Sen. Christopher A. Coons, D-Del., says he played no part in the secret accessing of the personal tax records of Christine O’Donnell, reports the Washington Times.
Coons defeated O’Donnell in the 2010 Senate race to fill Vice President Joe Biden’s seat.
Coons claims neither he nor anyone connected to his campaign had anything to do with the order to make the move and says no one involved with the investigation that is looking into the improper use of Americans’ private tax records has been in touch with him.
“Any political abuse of the government’s power is inappropriate, wrong and ought to be investigated fairly,” said Ian Koski, a spokesman for the senator.
“This particular matter was already subject to a months-long investigation by the Treasury Department — which found no wrongdoing — and no evidence has been presented that indicates that the Treasury investigation was unfair or inadequate.”
In March 2010, O'Donnell’s personal tax records were accessed by David Smith, an investigator with the state’s Division of Revenue.
O'Donnell announced she would challenge Republican Michael Castle in the GOP’s Senate primary that same month.
According to Delaware officials, a state investigator was permitted to access O'Donnell’s tax records at the time due to a newspaper report concerning a lien against her home which later proved to be erroneous.
The mistake was later attributed to an IRS computer error.

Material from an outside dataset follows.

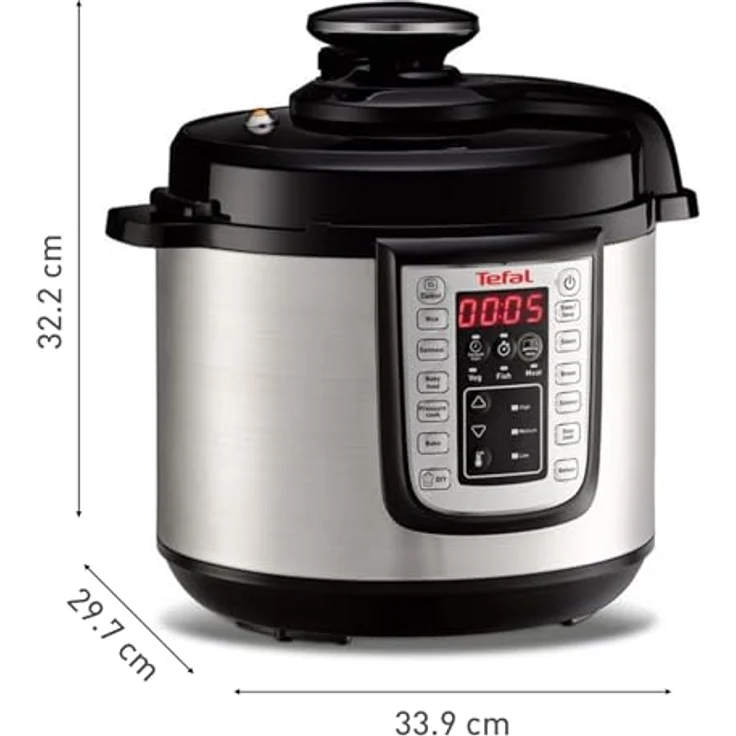 Tefal Multikocher CY505E Fast & Delicious, elektr. Schnellkochtopf mit 1200 W, 6 l Kapazität, 25 Programme, inkl. Rezeptheft – Bild 10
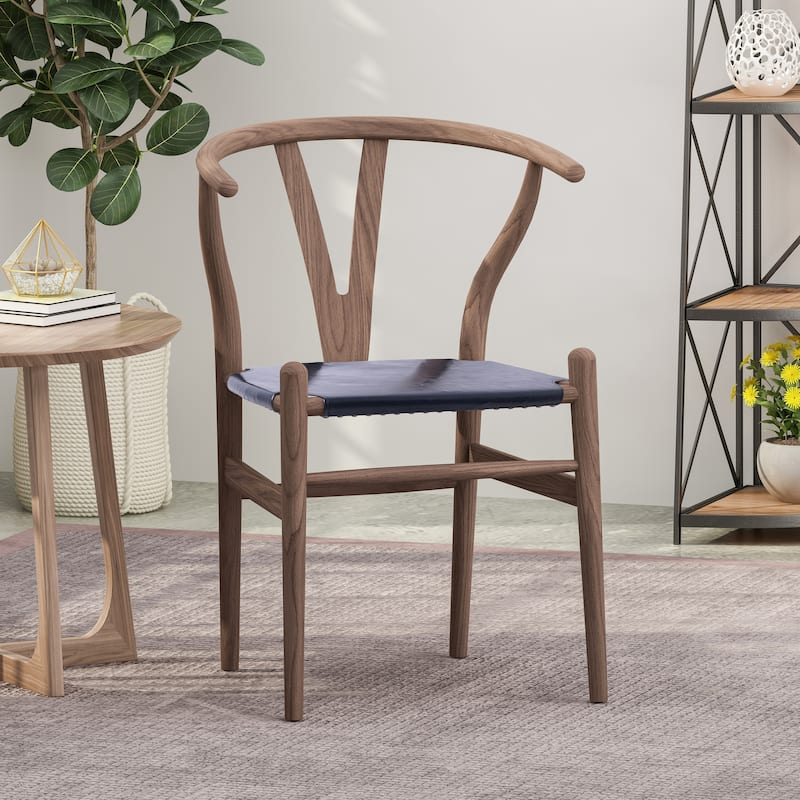 Gessford Mid-Century Boho Faux Leather Accent Chair by Christopher Knight Home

Computer files that would reveal when and how often O’Donnell’s records were accessed likely have been deleted, say state officials.
The suspect timing and release of information of O'Donnell’s taxes to the media has prompted the Treasury Department’s inspector general to reopen its investigation of the situation.

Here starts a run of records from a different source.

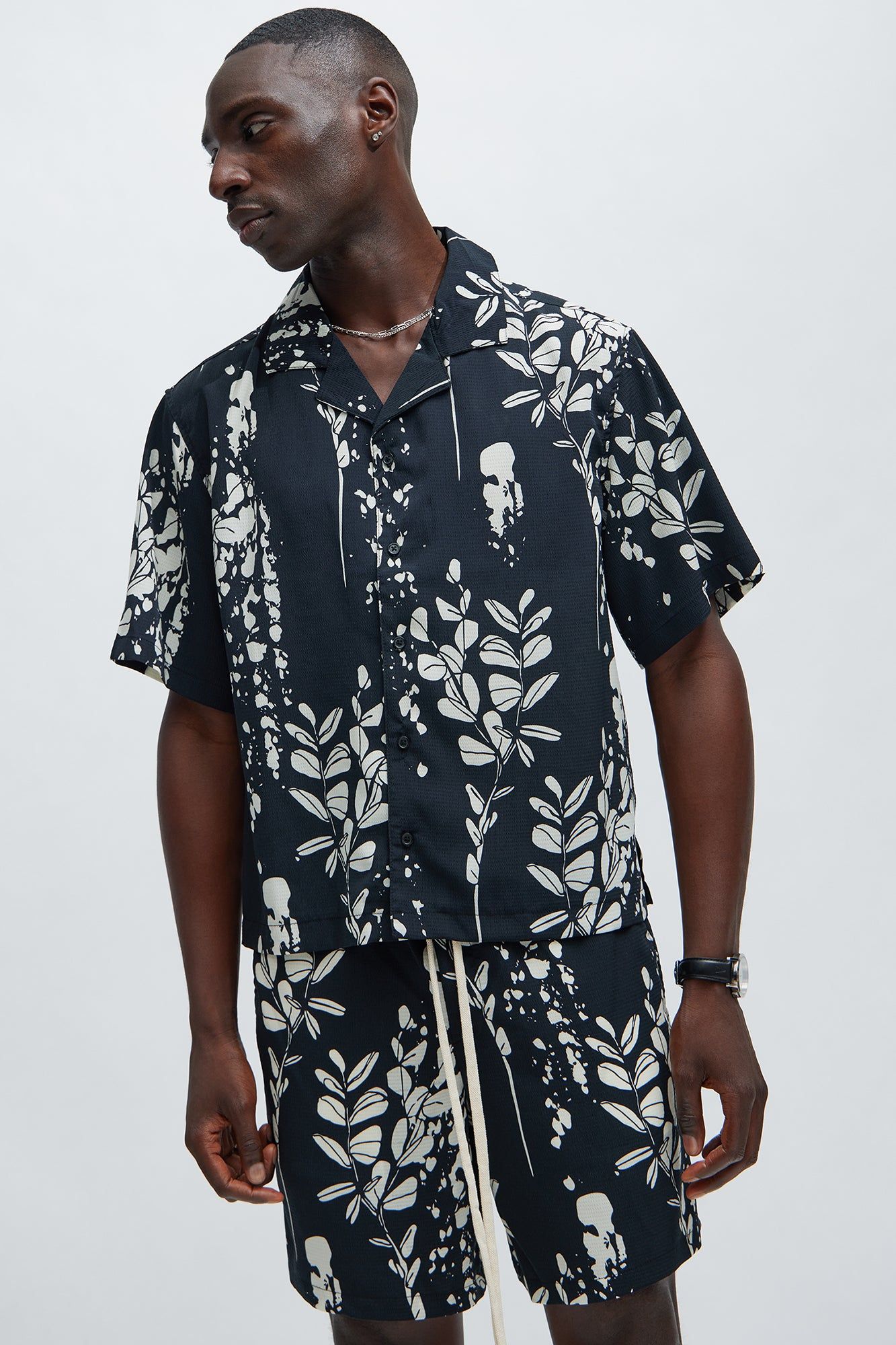 Dark Flor Textured Shirt - Black/combo sold by Fashion Nova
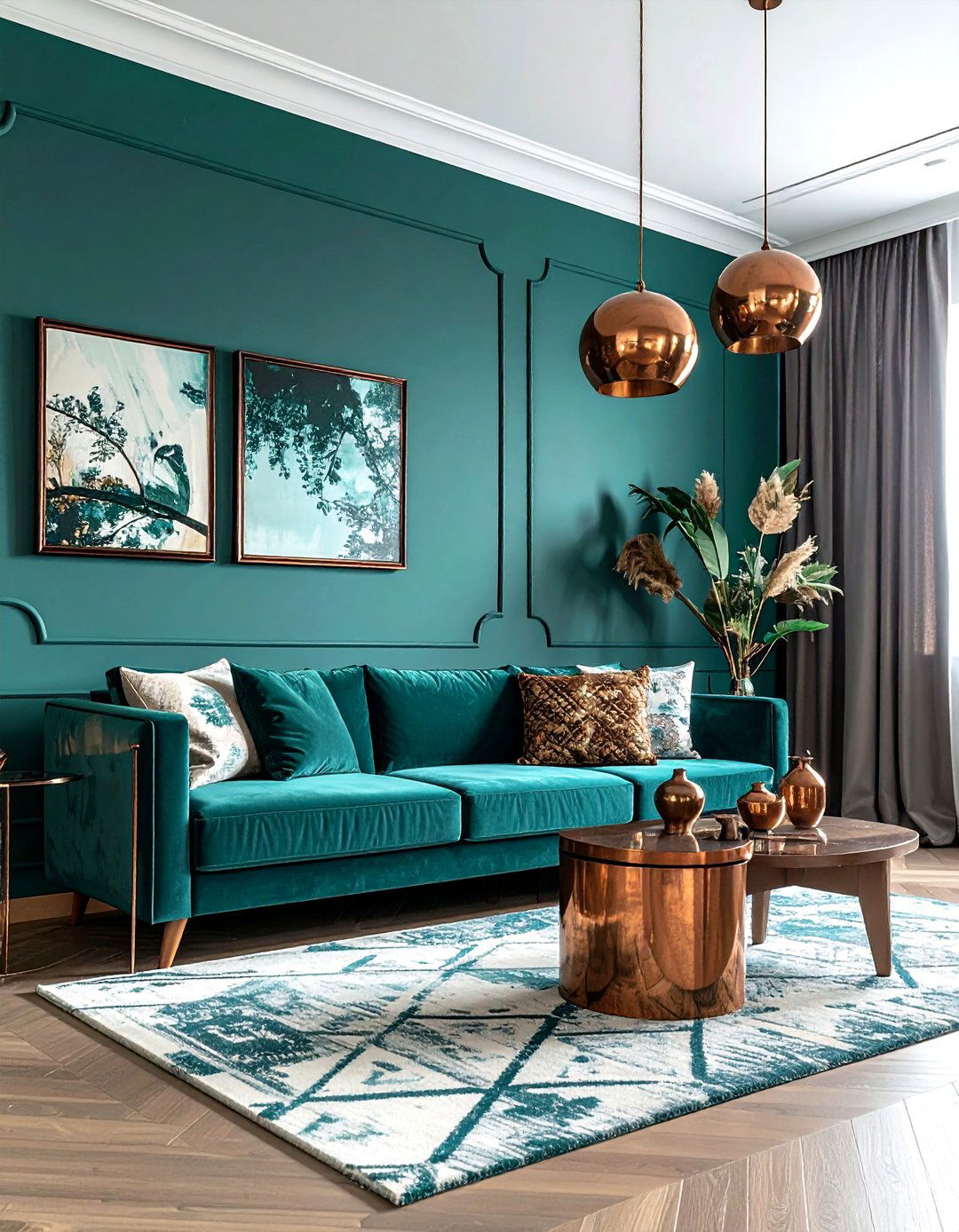 Teal And Copper Accents - 30 contemporary teal living room ideas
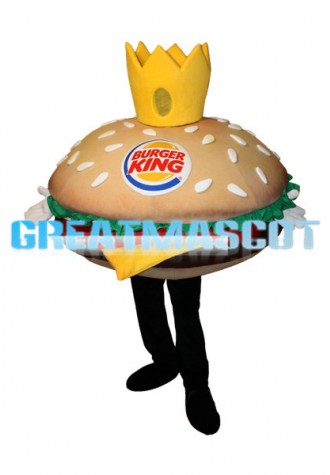 Cartoon Crown Hamburger Mascot Costume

O’Donnell believes Coons could play a significant role in getting to the bottom of the matter.
“Since he takes this seriously, will he question his former staff to see who actually filed the lien under his watch?,” O’Donnell asked.
“Contrary to what he says, there is more he can do.
He ran New Castle County when the erroneous lien was filed.”
Coons' camp countered that the New Castle County chief executive would not have been involved with the IRS lien, which was filed in the county recorder of deeds’ office.
“It didn’t even fall under the auspices of the county executive,” Koski said.